You should have a card format that's a picture of the person branded in your brand, and you have some of these templates already set up for these situations, and so he knows to just put that right into that format. I'll highlight those things and say, "These are the ones that we want to repurpose for social." Comment also works too if you want to work right out of the dock, so it just depends on your process. But that's a little bit of an ad hoc way to do it.

Then brand and optimized charts and graphs for social. This is something that we did a lot at marketer hire, so shout out to Tracy for knowing to do this and doing this in the past. We often would work with Statista. We had a subscription there, so pretty much any stat that existed in the world, you could find on Statista. You would take that and then you would rebrand it in your name. You'd still give the source, the original source on there. I don't want to say plagiarize or anything, so put that source on there.

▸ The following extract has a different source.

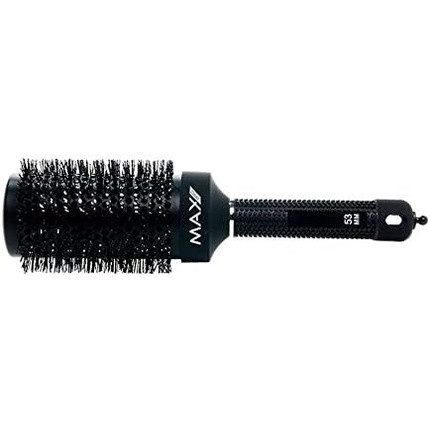 Max Pro Ceramic Round Hair Dryer Brush 53mm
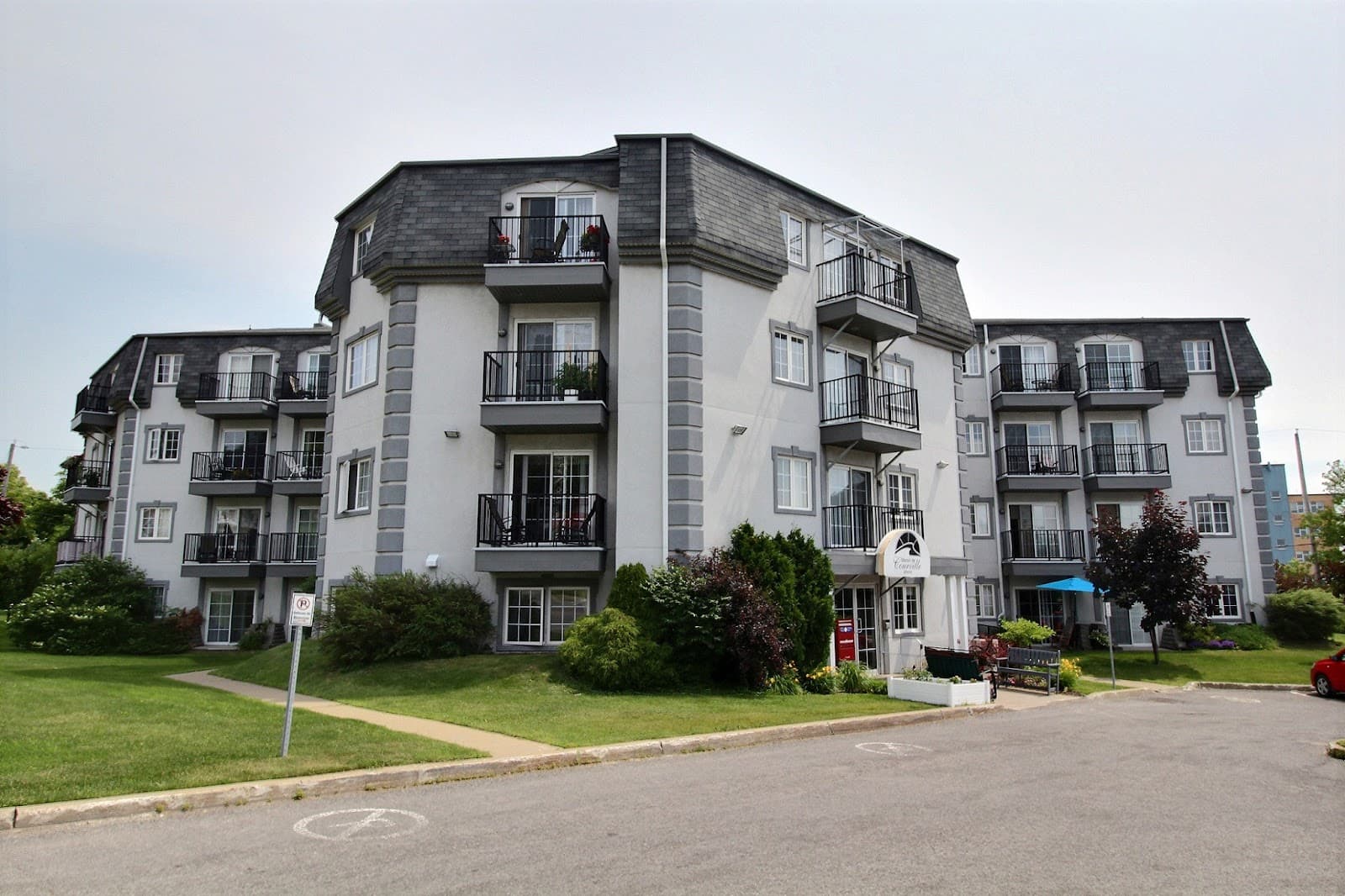 Manoir de Courville, retirement home in Québec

But even if you don't own the data or it's not your research, you can find the research and then you can rebrand it in a way that is appealing. Once you have those, I can talk a little bit about how you might use those for social. But I think just creating those makes you feel like a media company. Makes the blog feel yours, instead of just hacked together. Part of it is just creating the right pillar content up front, doing a lot of the work upfront is going to make all of this easier to repurpose.

All right, so BLUFs. All of this comes down to bottom line up front. This is a term used in the military. When you're sending out a memo, you want to see what's the point of this right away. They don't have time to dilly dally. There's this process of give me the bottom line up front. What's the purpose of this? That's the way you think should be thinking about all content anytime, but especially when you're repurposing. If you're doing it right, the point of the article should be in the headline, should be in the intro. If you're doing that, again, it's going to make it easier to repurpose. You're literally just taking the headline and that becomes the ad, or that becomes the social posts. Thinking about bottom line up front, am I burying the lead or is it obvious what this is about?

Then again, once you're doing the SEO content, is it scannable enough? This will give you an idea of whether or not it can be repurposed, whether or not it's ready to be repurposed for social. If it's a block of text, it's going to be harder to repurpose because you haven't done the work of making the original piece editable, or edible and scannable for your audience. You're making them do the editing for you. What I mean by this is, if you're turning those mic drop quotes into actual pull quotes, and you're turning those images into easily digestible insights? Not just the data, but again, you're putting that bottom line up front and you're saying in the headline of that graphic, this is what this graphic is showing. All of those things combined making the article very scannable from the get-go are going to make it easy for you to pull out those graphics and those quotes for social.

All right. Just a good rule of thumb is to include at least one chart or graphic in every piece that you do. A good way to think about this is B2B content. Make me better at my job at lifestyle content, B2C, D2C might be a different story. You can get away with just being inspirational, or just being funny. But for B2B, I'm really looking to be better at my job. The ways that I do that is benchmarks. Tell me where I stack up against everyone else. Tell me where I'm at now so that I know that there's a problem or I know I'm doing well. Give me examples. Give me examples of other companies that are doing it right. I think a good way of thinking about this is tear down, so we'll get to that later.

But an example of a well written email, an example of a poorly written email, and then breaking it down, doing the work of breaking it down. Why is it good? Why is it bad? Then frameworks. Think about this as templates, like a plug-and-play. Get me to square one, so that I can get to two. It's a lot easier to go from one to two than zero to one. If you can get somebody to one, we really admire or value that type of content in a B2B.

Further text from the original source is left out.